[Image-text web data]
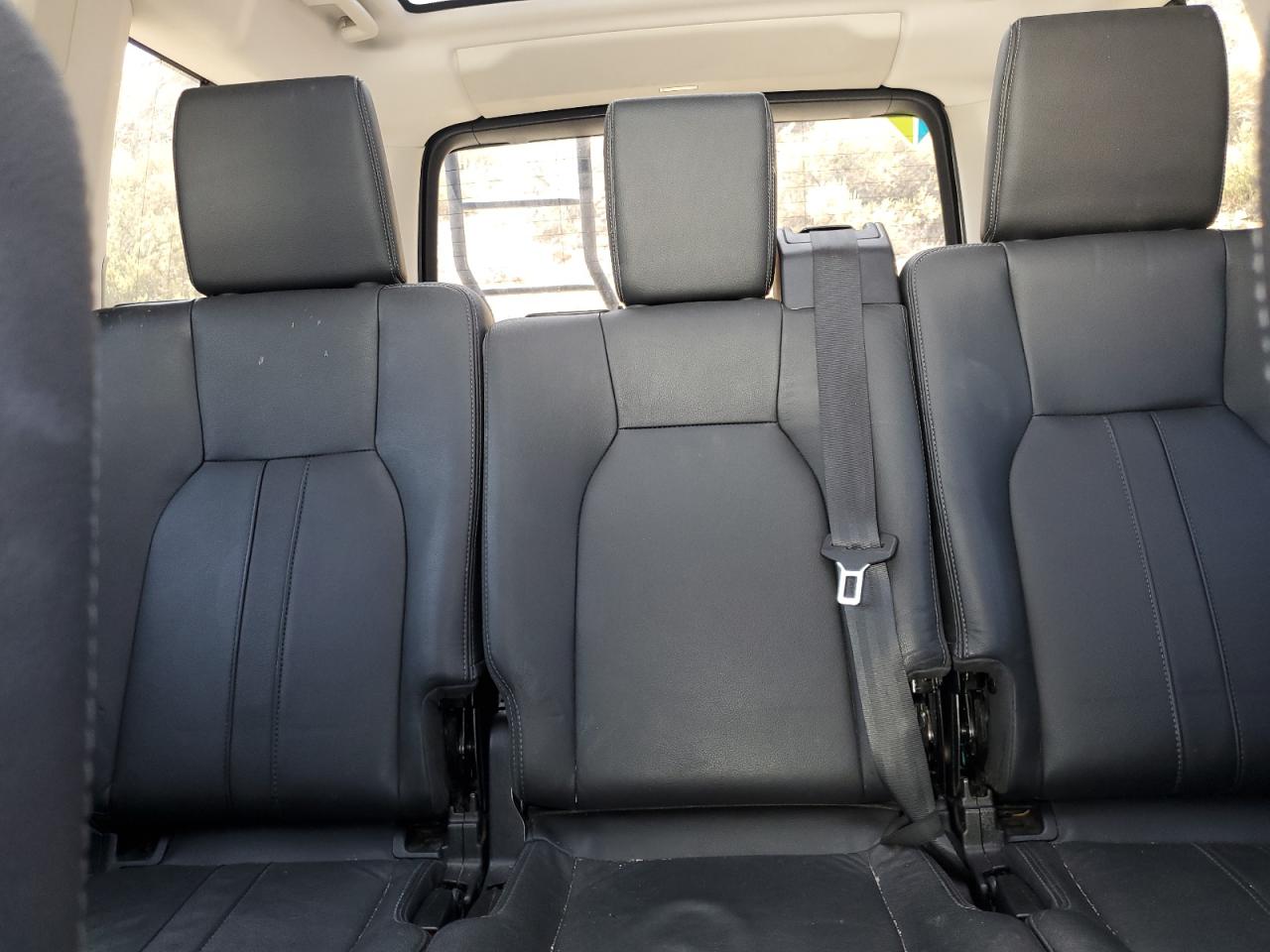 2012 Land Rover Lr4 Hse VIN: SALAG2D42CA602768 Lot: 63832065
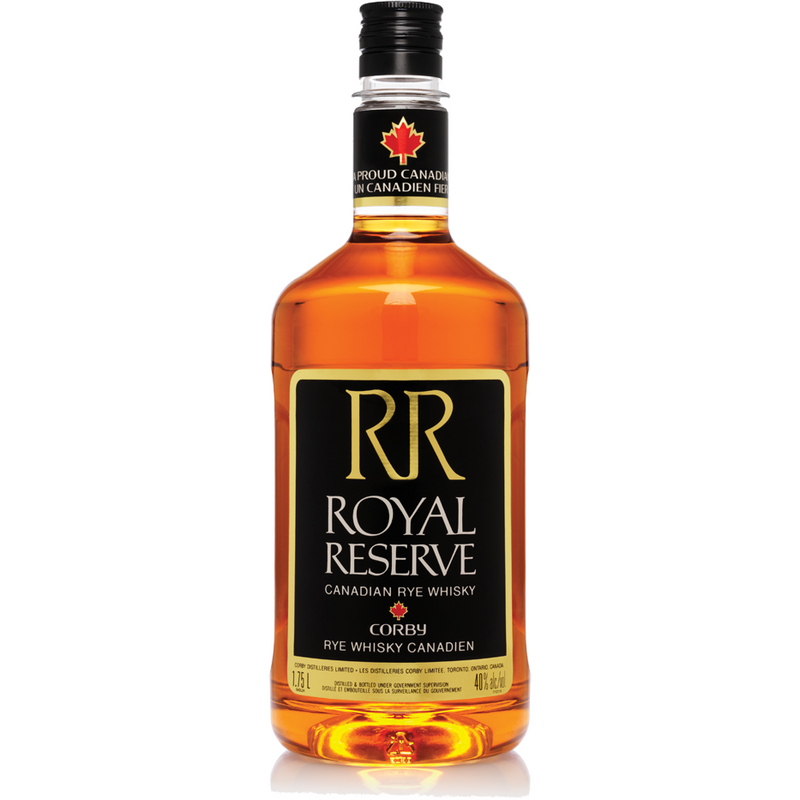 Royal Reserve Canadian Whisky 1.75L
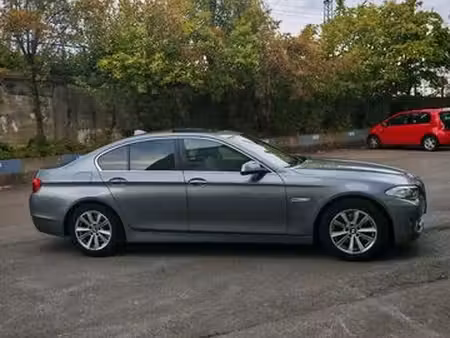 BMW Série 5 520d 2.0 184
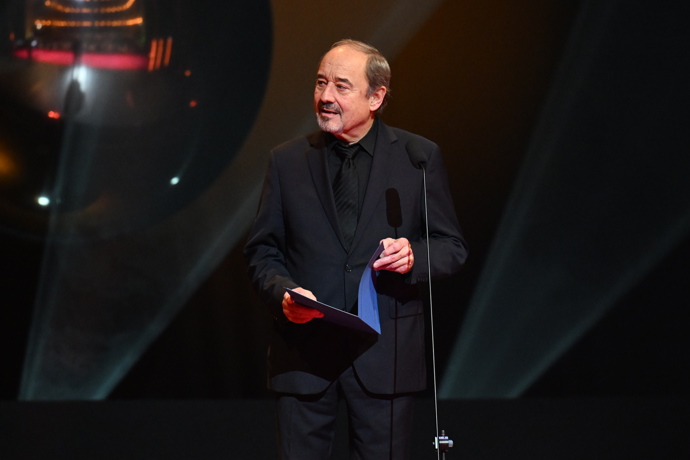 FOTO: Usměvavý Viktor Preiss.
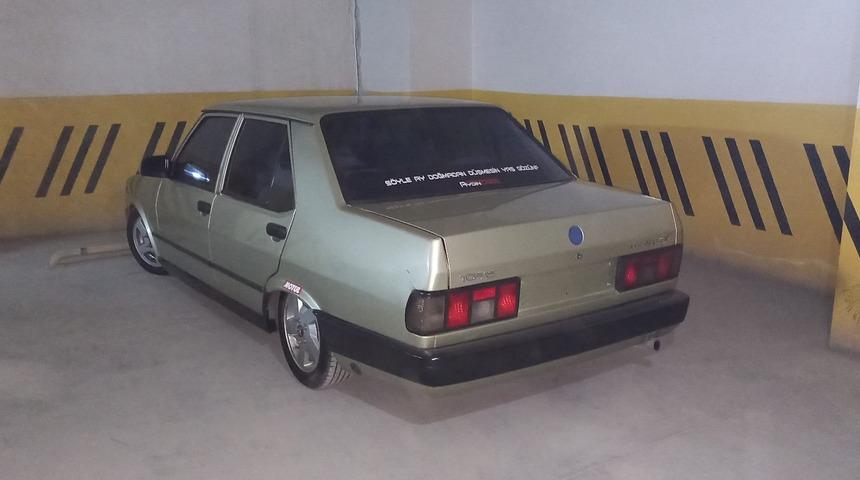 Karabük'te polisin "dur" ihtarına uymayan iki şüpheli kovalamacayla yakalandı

Task instructions — From the line with "Royal Reserve Canadian Whisky 1.75L" to the final line of the entries above, reproduce each line exactly and nothing else; the pictures stay out.

Response —
 Royal Reserve Canadian Whisky 1.75L
 BMW Série 5 520d 2.0 184
 FOTO: Usměvavý Viktor Preiss.
 Karabük'te polisin "dur" ihtarına uymayan iki şüpheli kovalamacayla yakalandı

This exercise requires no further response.